Apart from the pictures, which must be omitted, restate the data exactly.

PROVIDED MATERIAL:
---*---

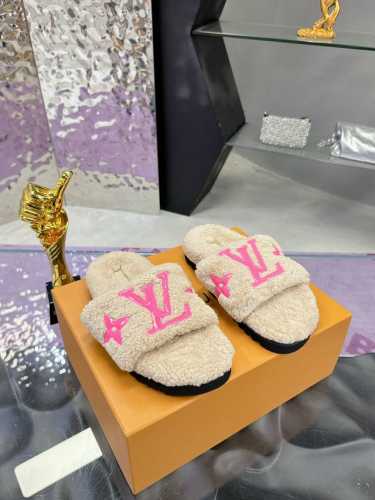 工厂直批： 飞机盒5 Louis vuitton 2024新款羊毛拖鞋细柔软羊毛 頂级品质纯皮毛一体直毛打造！超温暖的感觉，穿上仿佛踩在云朵上LV经典老花装饰，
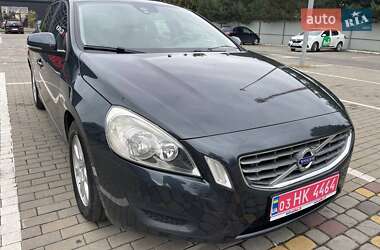 Універсал Volvo V60 2013 в 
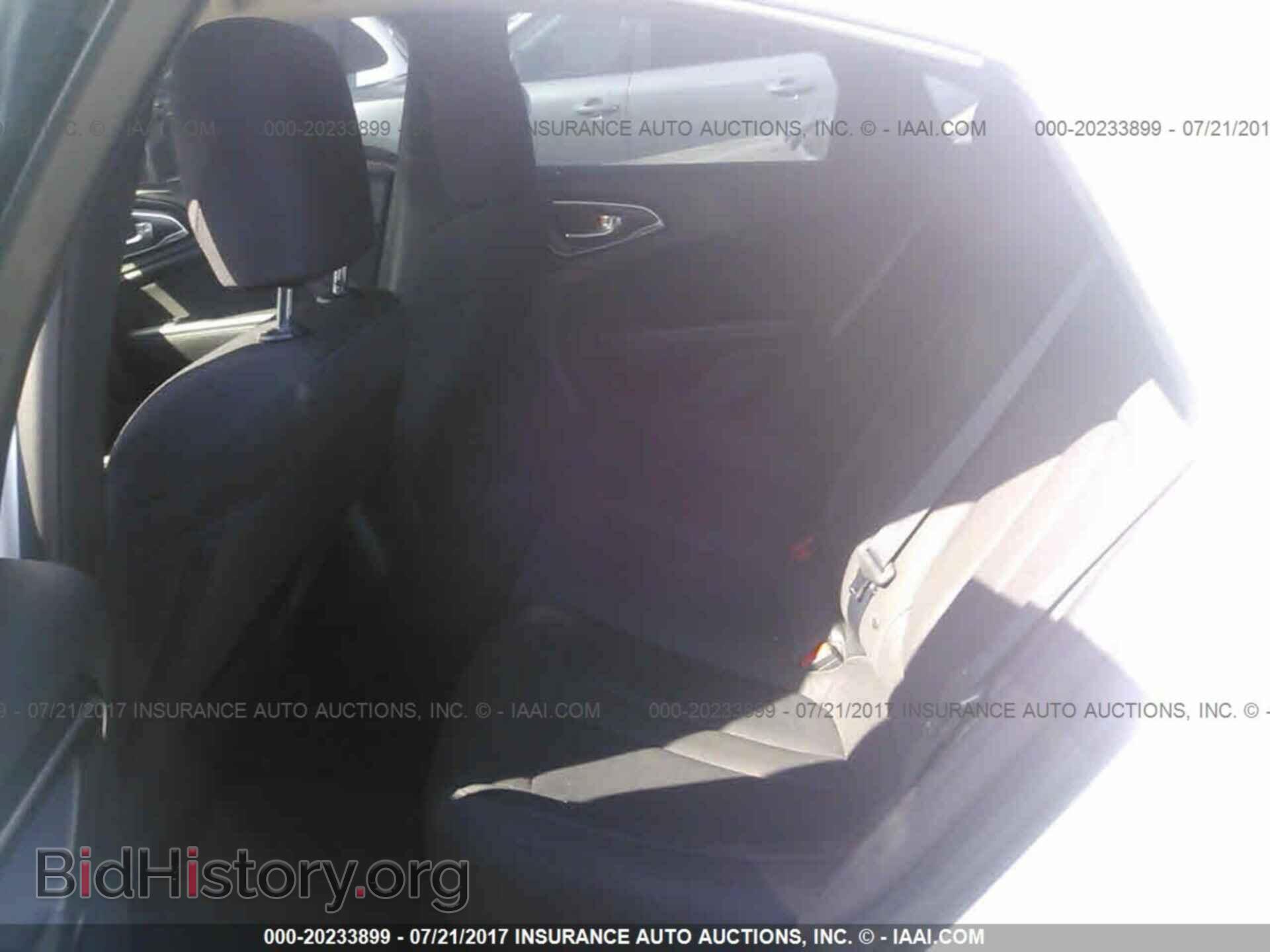 2015 Chrysler 200 - VIN: 1C3CCCAB1FN752702 - Photo 8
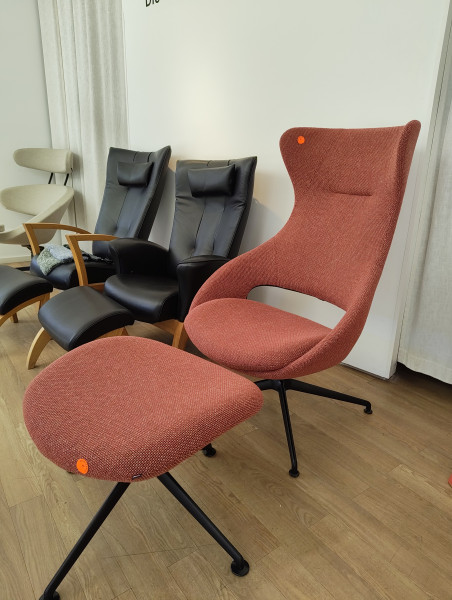 KARISMA Wing Entspannungssessel + Hocker / Musterstück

---*---

RESPONSE TO THIS EXERCISE:
 工厂直批： 飞机盒5 Louis vuitton 2024新款羊毛拖鞋细柔软羊毛 頂级品质纯皮毛一体直毛打造！超温暖的感觉，穿上仿佛踩在云朵上LV经典老花装饰，
 Універсал Volvo V60 2013 в 
 2015 Chrysler 200 - VIN: 1C3CCCAB1FN752702 - Photo 8
 KARISMA Wing Entspannungssessel + Hocker / Musterstück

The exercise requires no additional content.